"FamousSparrow" explora as vulnerabilidades do Microsoft Exchange a partir de março de 2021. Grupo de hackers espiona governos e organizações em hotéis.
Um grupo de ciberespionagem anteriormente discreto demonstrou de forma impressionante a rapidez com que uma vulnerabilidade conhecida pode ser explorada. "FamousSparrow" iniciou seus ataques de espionagem exatamente um dia após a publicação das vulnerabilidades do Microsoft Exchange (março de 2021). Essa chamada Ameaça Persistente Avançada (APT) ataca principalmente hotéis em todo o mundo. Mas metas em outras áreas, como governos, organizações internacionais, escritórios de engenharia e escritórios de advocacia, agora também estão na agenda. Os pesquisadores da ESET examinaram as ações do grupo de hackers e as publicaram no blog de segurança welivesecurity.de.

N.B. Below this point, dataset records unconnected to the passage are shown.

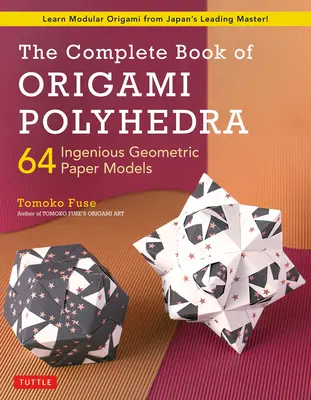 El libro completo de los poliedros de origami: 64 ingeniosos modelos geométricos de papel (¡Aprende origami modular con el maestro japonés!) - The Complete Book of Origami Polyhedra: 64 Ingenious Geometric Paper Models (Learn Modular Origami from Japan's Leading Master!)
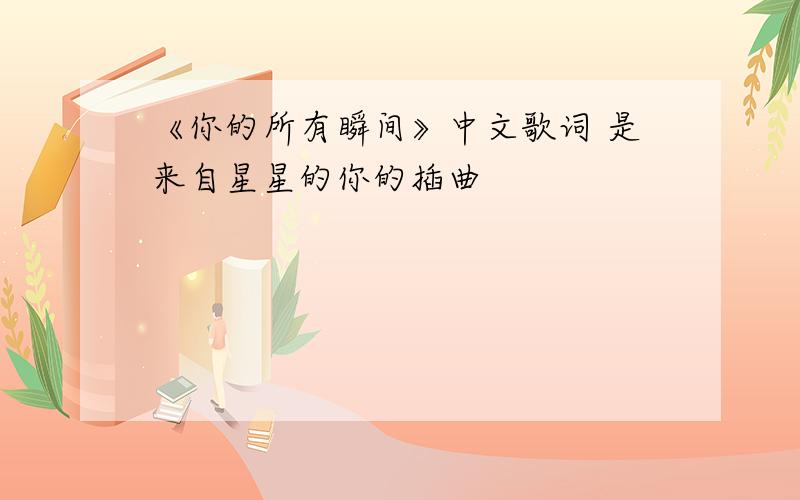 《你的所有瞬间》中文歌词 是来自星星的你的插曲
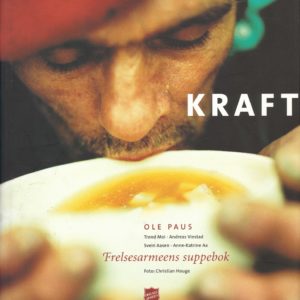 Kraft. Frelsesarmeens suppebok. Trond Moi - Andreas Viestad - Svein Aasen - Anen Katrine Aa. Foto: Christian Houge.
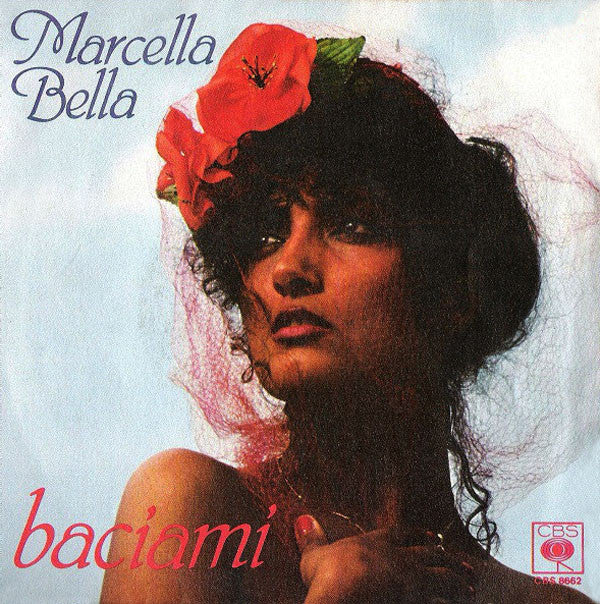 Marcella Bella -Baciami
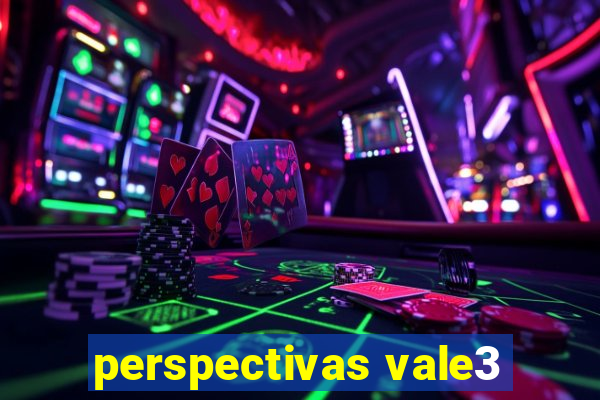 perspectivas vale3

Espionagem cibernética global em andamento
FamousSparrow é outro grupo APT que teve acesso à vulnerabilidade de execução remota de código ProxyLogon no início de março de 2021. No passado, os hackers exploravam vulnerabilidades conhecidas em aplicativos de servidor, como SharePoint e Oracle Opera.
No caso atual, as vítimas estão localizadas na Europa (França, Lituânia, Reino Unido), Oriente Médio (Israel, Arábia Saudita), América do Norte e do Sul (Brasil, Canadá e Guatemala), Ásia (Taiwan) e África (Burkina Fasso). A escolha dos alvos sugere que o FamousSparrow se dedica principalmente à espionagem cibernética.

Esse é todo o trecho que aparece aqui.